What is needed: Please, in the data that follows, copy exactly the lines from the line with "Экран для проектора" through the last one, both included. Do not include pictures.

Data to process:
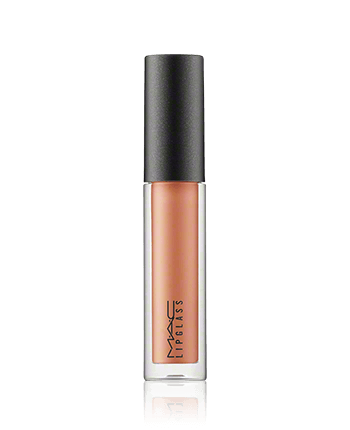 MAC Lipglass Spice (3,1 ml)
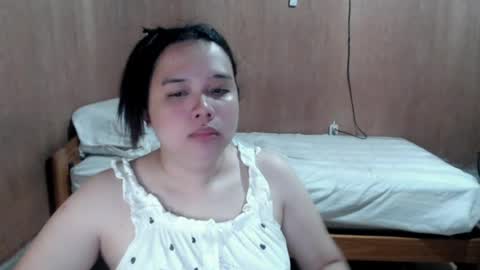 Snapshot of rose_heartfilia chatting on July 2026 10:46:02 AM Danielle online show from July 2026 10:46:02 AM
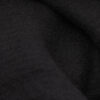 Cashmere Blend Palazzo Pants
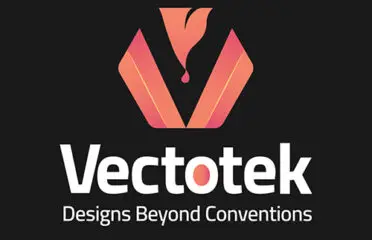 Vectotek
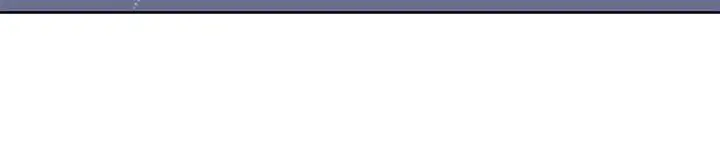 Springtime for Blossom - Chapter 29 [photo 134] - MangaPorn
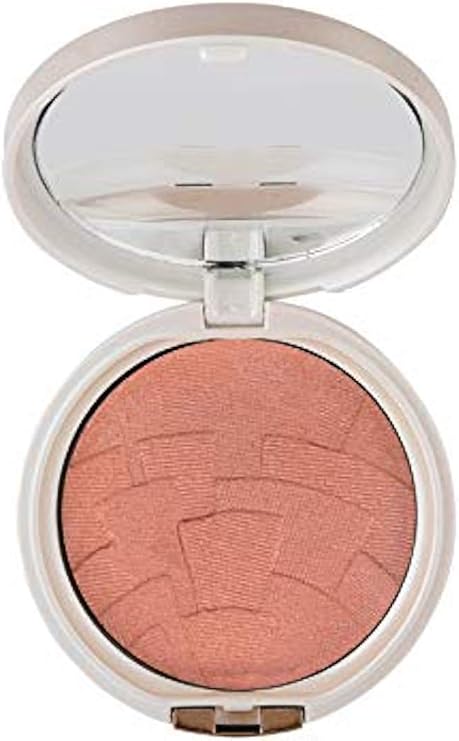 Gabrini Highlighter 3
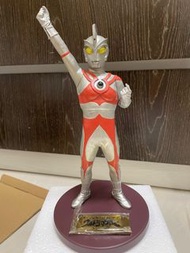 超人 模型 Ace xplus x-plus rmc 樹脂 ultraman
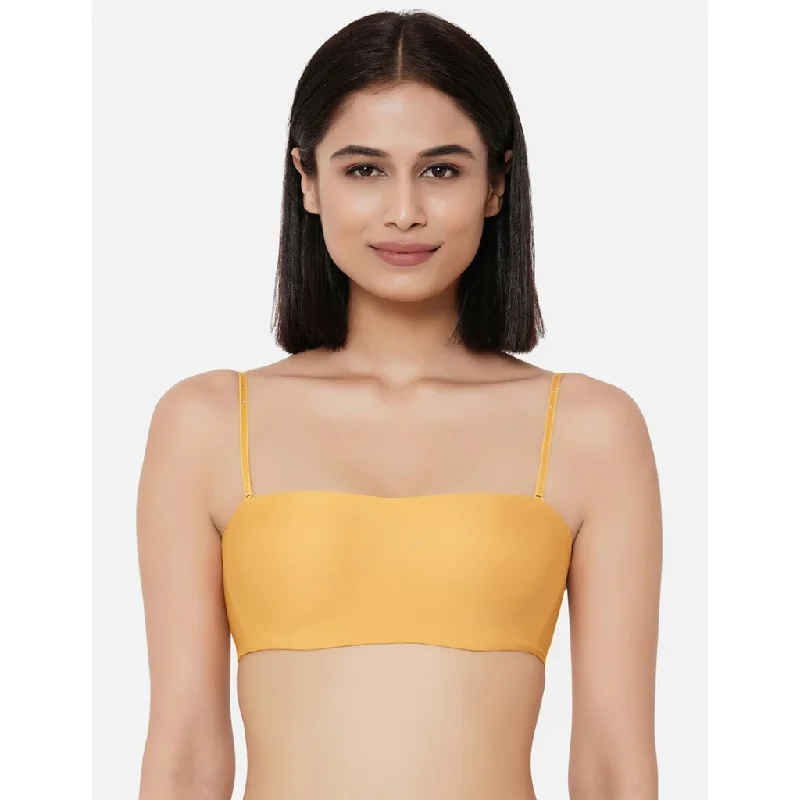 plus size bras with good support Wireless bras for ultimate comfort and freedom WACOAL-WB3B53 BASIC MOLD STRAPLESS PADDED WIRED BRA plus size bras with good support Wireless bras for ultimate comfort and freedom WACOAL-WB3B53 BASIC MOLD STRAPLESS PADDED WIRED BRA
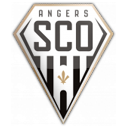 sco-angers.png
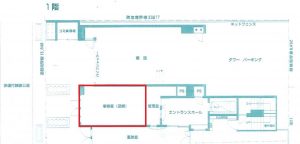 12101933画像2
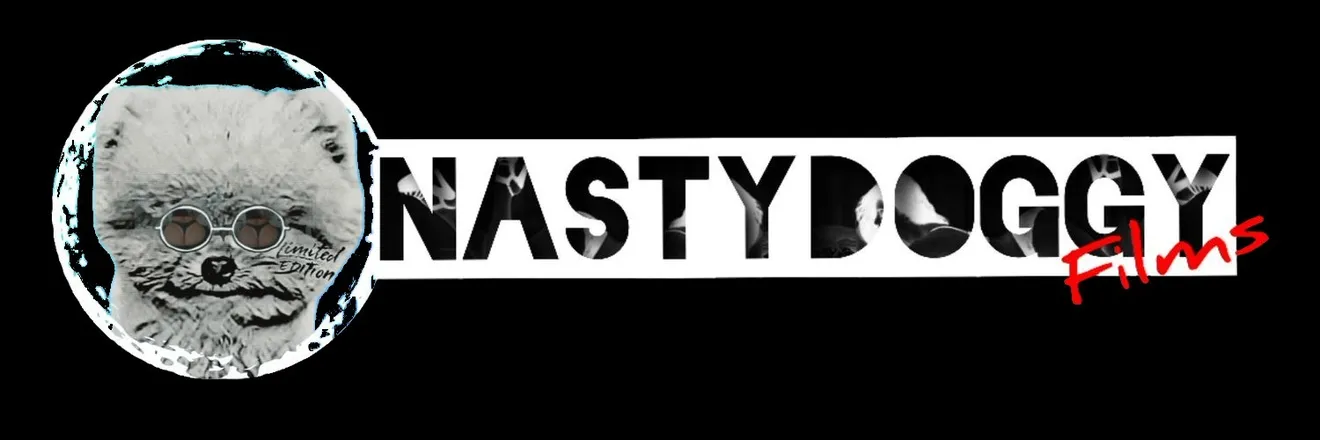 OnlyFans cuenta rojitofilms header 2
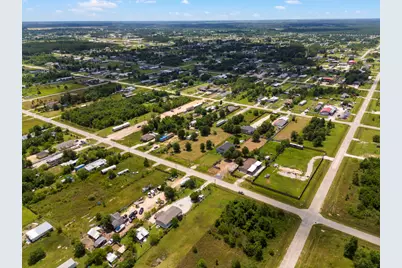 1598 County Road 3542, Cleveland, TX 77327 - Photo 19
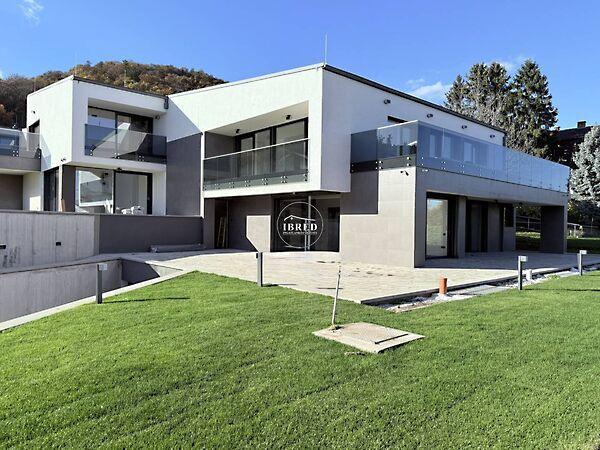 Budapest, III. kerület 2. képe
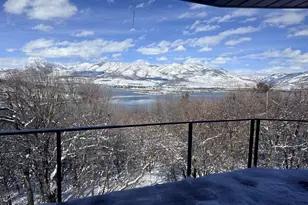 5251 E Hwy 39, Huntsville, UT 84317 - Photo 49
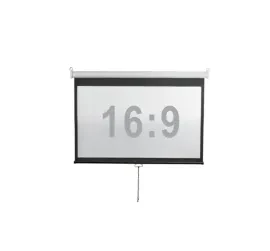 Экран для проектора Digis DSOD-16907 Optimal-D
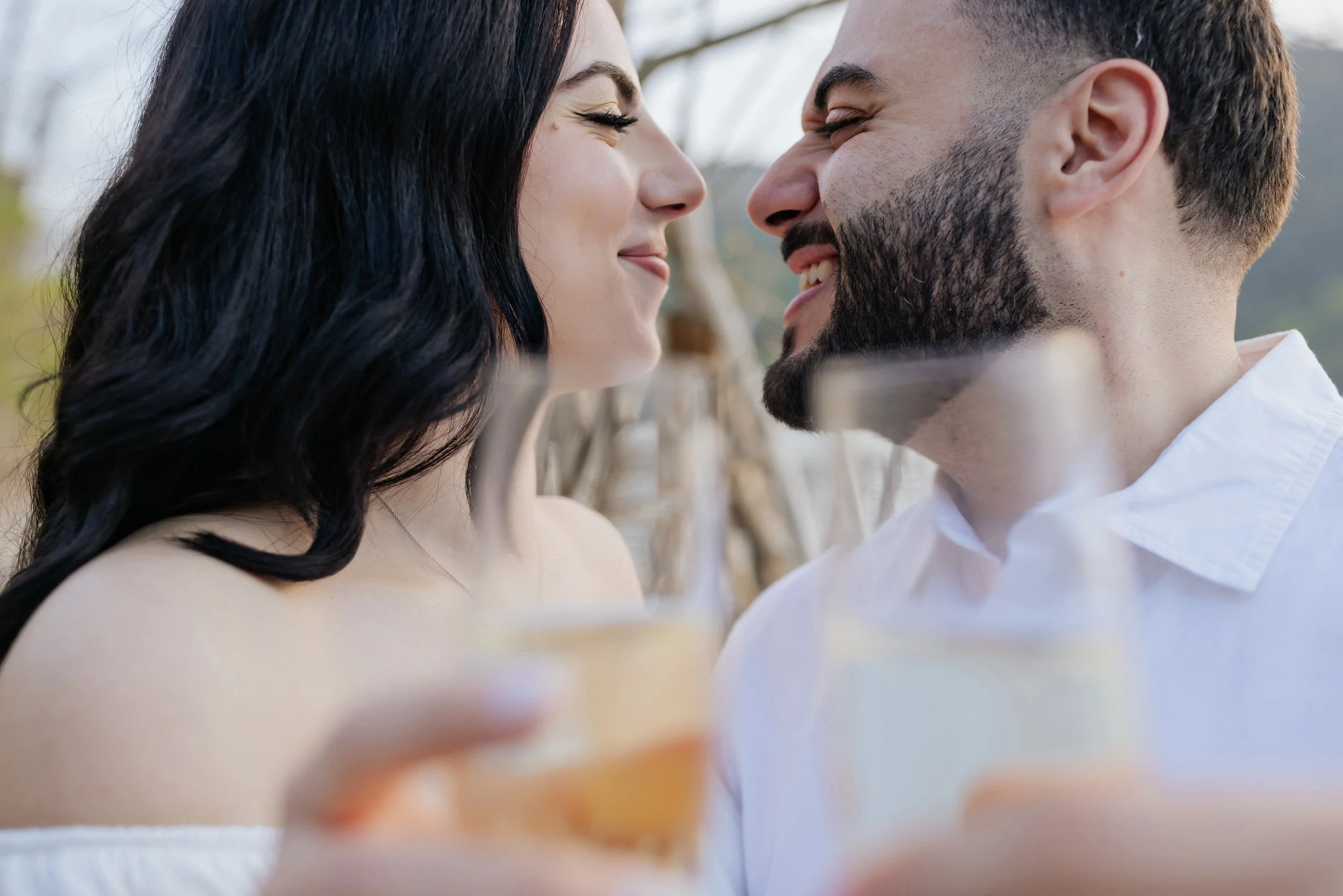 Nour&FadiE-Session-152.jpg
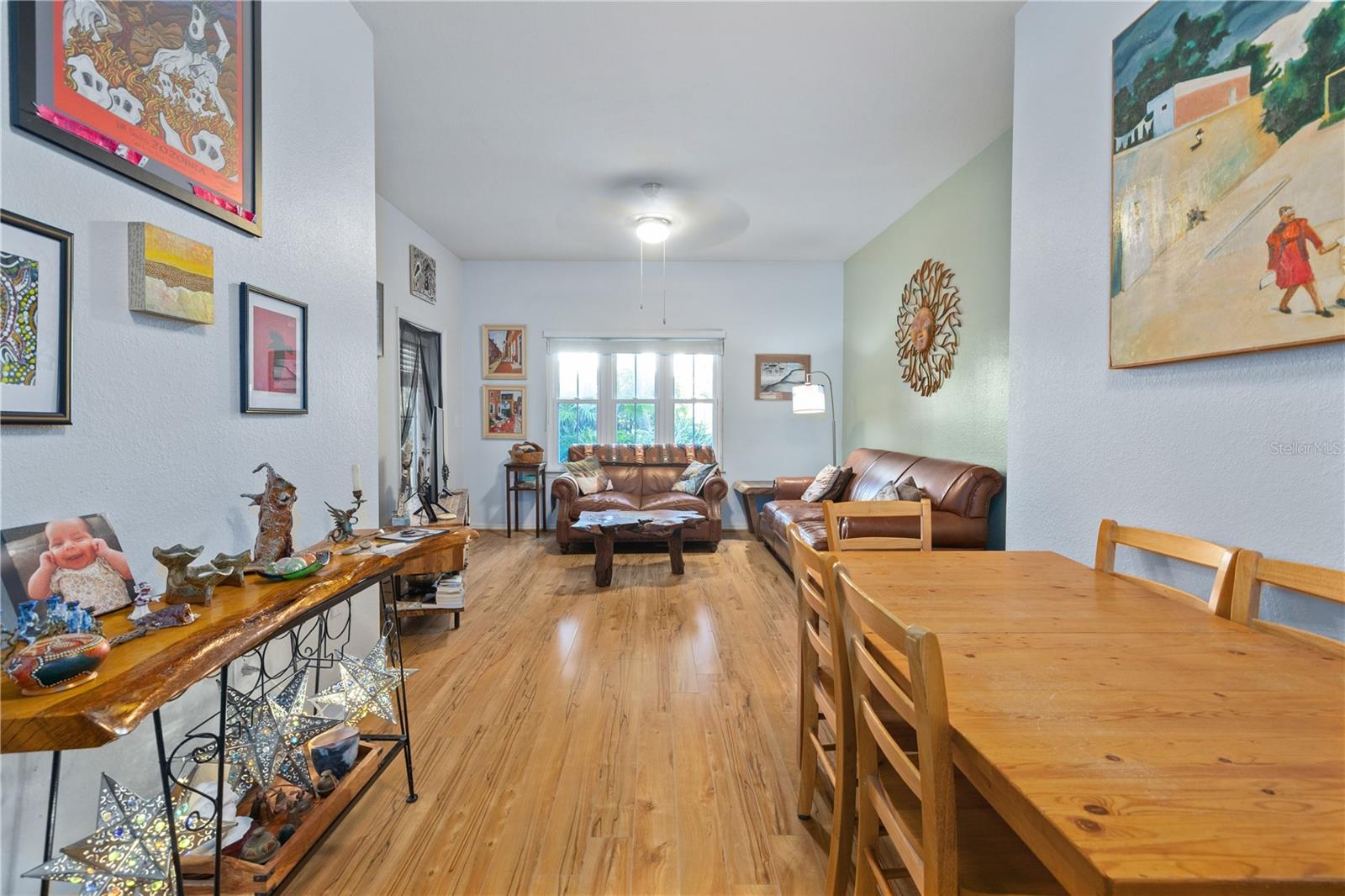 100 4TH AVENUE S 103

Answer space:
 Экран для проектора Digis DSOD-16907 Optimal-D
 Nour&FadiE-Session-152.jpg
 100 4TH AVENUE S 103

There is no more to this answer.